The performances of the classifications were assessed for three different samples. Overall, the association of a high refractive index threshold with a wide dilation has shown to be the most appropriate combination to maintain both method sensitivity and specificity at decent levels for invasive ductal carcinoma. The best performances of the methods have been reported to stand by about 80% in sensitivity and 82% in specificity. On the contrary, the same methodology applied onto an invasive lobular carcinoma showed lower performances. Various hypothesis were drawn to determine the roots for classification failure. While lobular carcinoma are globally less populated by cancer cells than the ductal histology type, pathology image alterations may also have contribute by rendering the diagnosis evaluation tedious.

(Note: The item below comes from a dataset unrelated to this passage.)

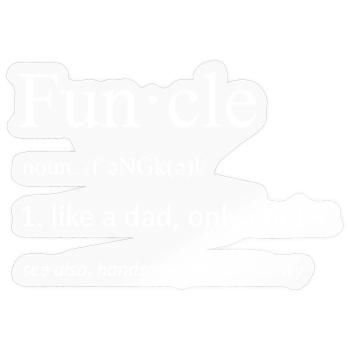 Funcle Definition Lustige Onkel Typografie Kunst - Sticker Größe S (10 x 10 cm) - Transparent glänzend - Vorne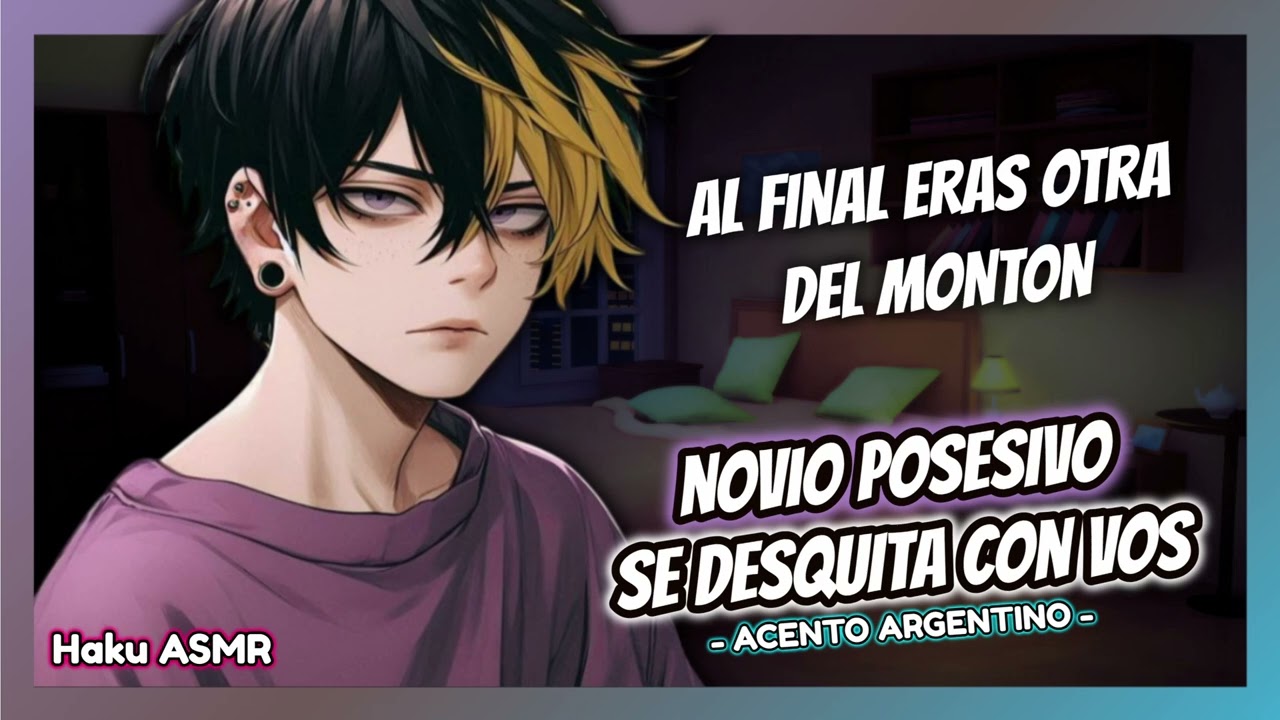 ASMR Roleplay - Novio posesivo se desquita con vos - Haku ASMR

The recognition performances of malignant areas could be improved. Indeed, the terahertz classification has localized false negatives surrounded by true positives. Therefore, implementing an additional and simple processing that classifies as malignant, benign-predicted pixels that are encircled by cancerous ones would enhance the classification accuracy.

Although investigations on higher rank classifier, i.e. for \(\Lambda ^n\) with \(n > 3\), have not been conducted, a more efficient structuring element could be found. Nevertheless, a high rank for a structuring element is accompanied by an equally high refractive index threshold. Thus, a reasonable assumption would be that the refractive index suitable for the use of these higher-ranked classifiers lies beyond the optical properties of biological tissues.

This preliminary investigation towards terahertz refractive index-based morphological dilation may open the routes to refine strategies to improve the accuracy with which breast tumour margins are delineated. However, the field still stands in its early stages and suffers challenges due to pathology reference image alterations that complicate classification correctness assessment. Additionally, performance comparison with other classification algorithms are yet to be investigated and will be needed to pursue with the proposed methodology. Finally, and in authors’s opinion, the applicability of terahertz waves for breast carcinoma margin demarcation still requires further studies to evaluate its feasibility in the clinical environment.

Methods

Numerical procedures were conducted with in-house software, written with the MatLab development framework. The software follows mathematical procedures described in this paper and our preceding works.